He isn't the only person to express concerns.
Yellowknife resident Michael Zemnicky said he no longer trusts dispatchers. He spoke with CBC through email because of his aphasia, a language disorder brought on by brain damage.
He said that in 2016 his ex-partner came to his apartment and wouldn't leave when he asked, so he phoned RCMP dispatch.
"I asked the officer to send some help and I told her my ex is very violent and I need [an] officer or she goes angry. The woman denied my request and told me that she needs to talk to her [the ex] on the phone," he said.
"I begged for her to send help and I was denied again," he said, adding the dispatcher insisted on talking to his ex on speaker-phone.
Zemnicky said he tried to hide as his ex became more violent, and that he was eventually treated by a doctor for injuries he sustained during the incident.
"I lost the faith for the RCMP 911 centre and I need help and they caused me to suffer and others too," he said.
36% vacancy rate in N.W.T.
As of October 2017, there was a 36 per cent vacancy rate in RCMP Operational Communications Centres in the Northwest Territories.
The CBC requested an interview with N.W.T. RCMP regarding dispatch staffing and these allegations, but no one was immediately available for comment.

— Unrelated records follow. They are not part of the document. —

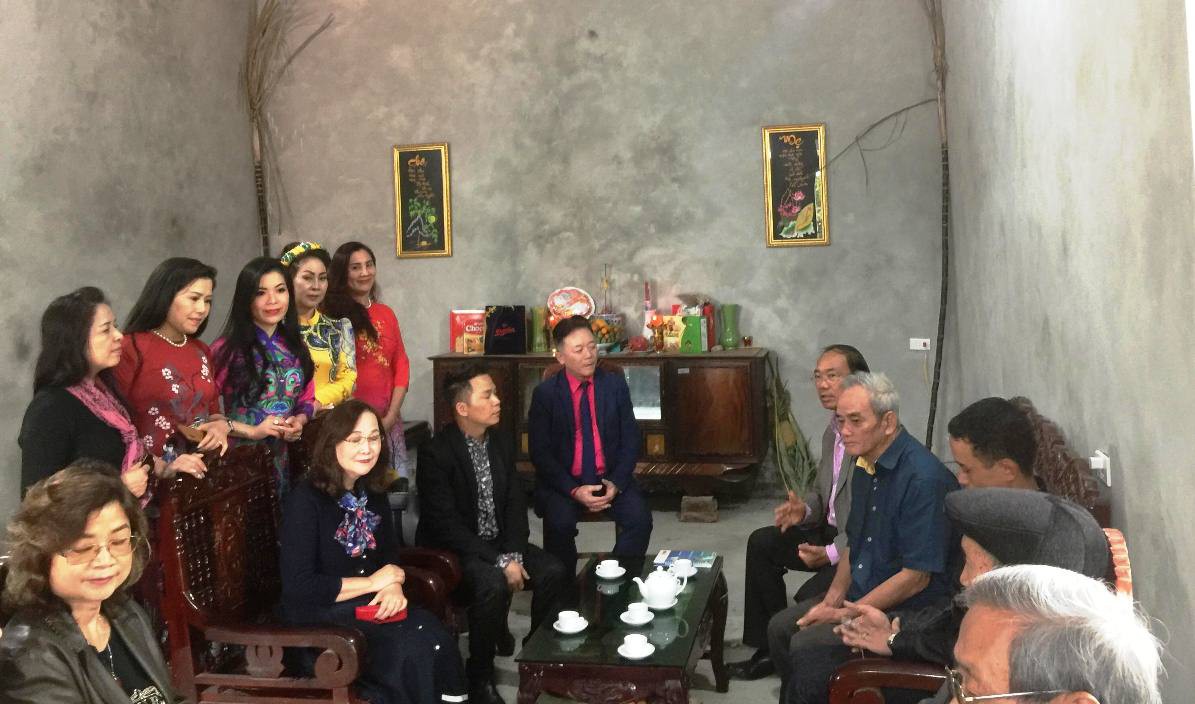 Theo các đại sứ áo dài từ châu Âu đến với trẻ ung thư - Ảnh 4.
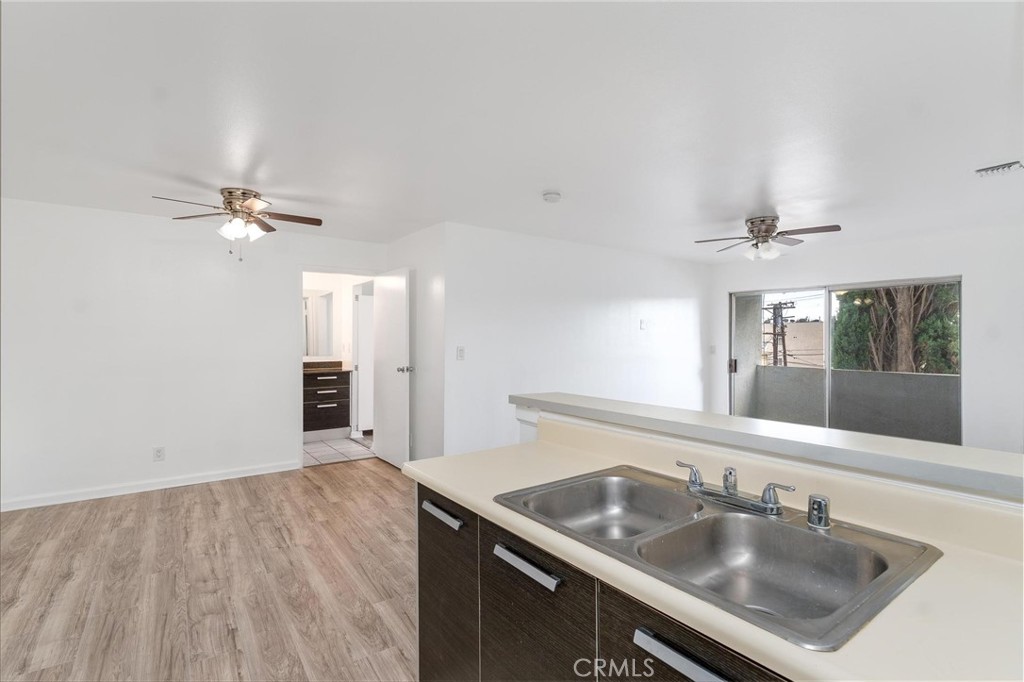 7254 Vassar Ave 308 Property Photo 4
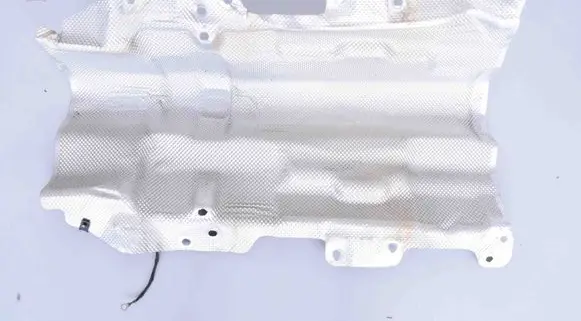 Volvo XC90 Heat shield in engine bay 31449249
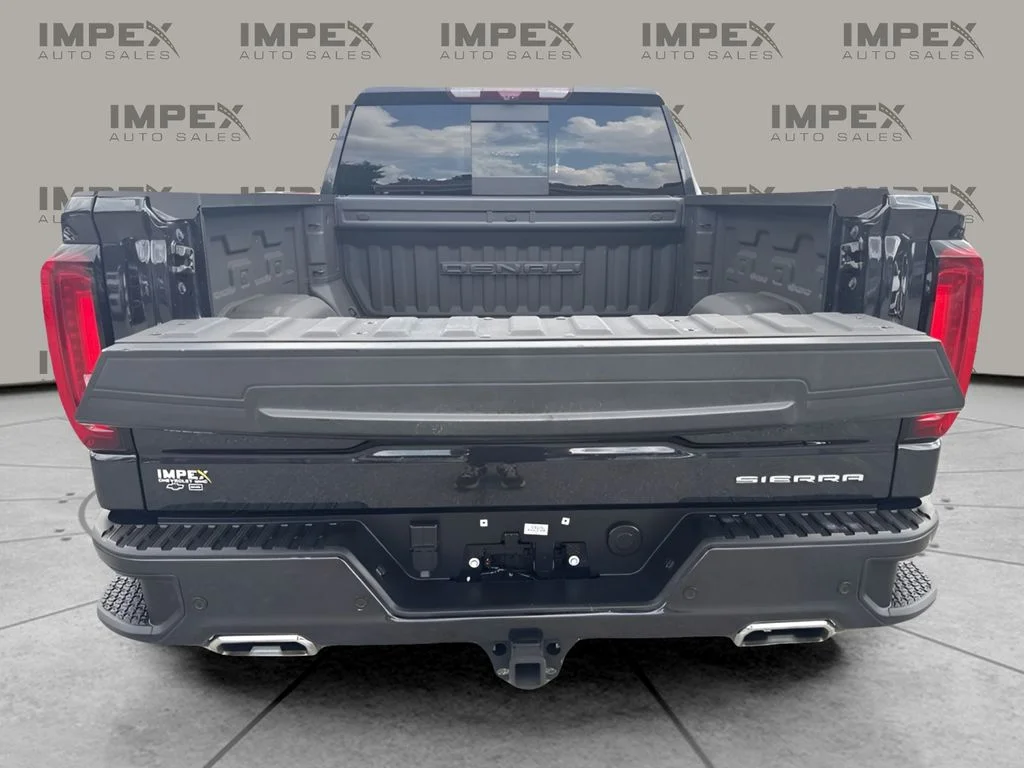 Used 2023 Silver GMC Denali image 20
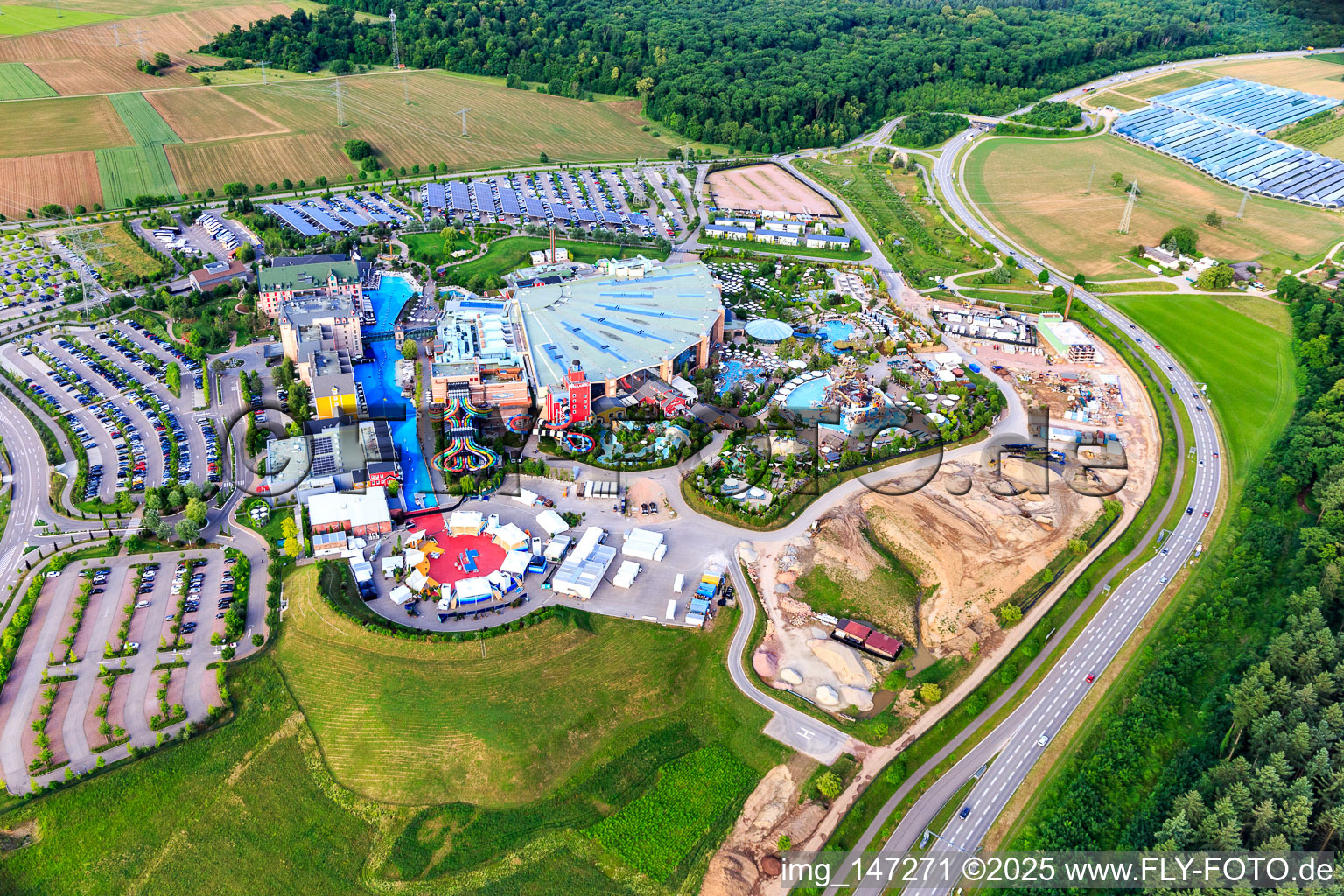 Schrägluftbild von Rulantica im Europapark Rust im Bundesland Baden-Württemberg, Deutschland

The under-staffing affects employees' well-being and livelihood, said Nathalie Stringer, an assistant director with the Canadian Union of Public Employees (CUPE).
The union has filed to represent RCMP dispatch operators across Canada.
"I think they're tired," Stringer said. "They're working longer shifts. They're working extra hours, a lot of them are going on leave."
Stringer said if CUPE becomes the bargaining agent in a vote beginning next week, they'll start working on staffing issues.
"I think it's one of the biggest pressing issues that needs to be resolved as soon as possible."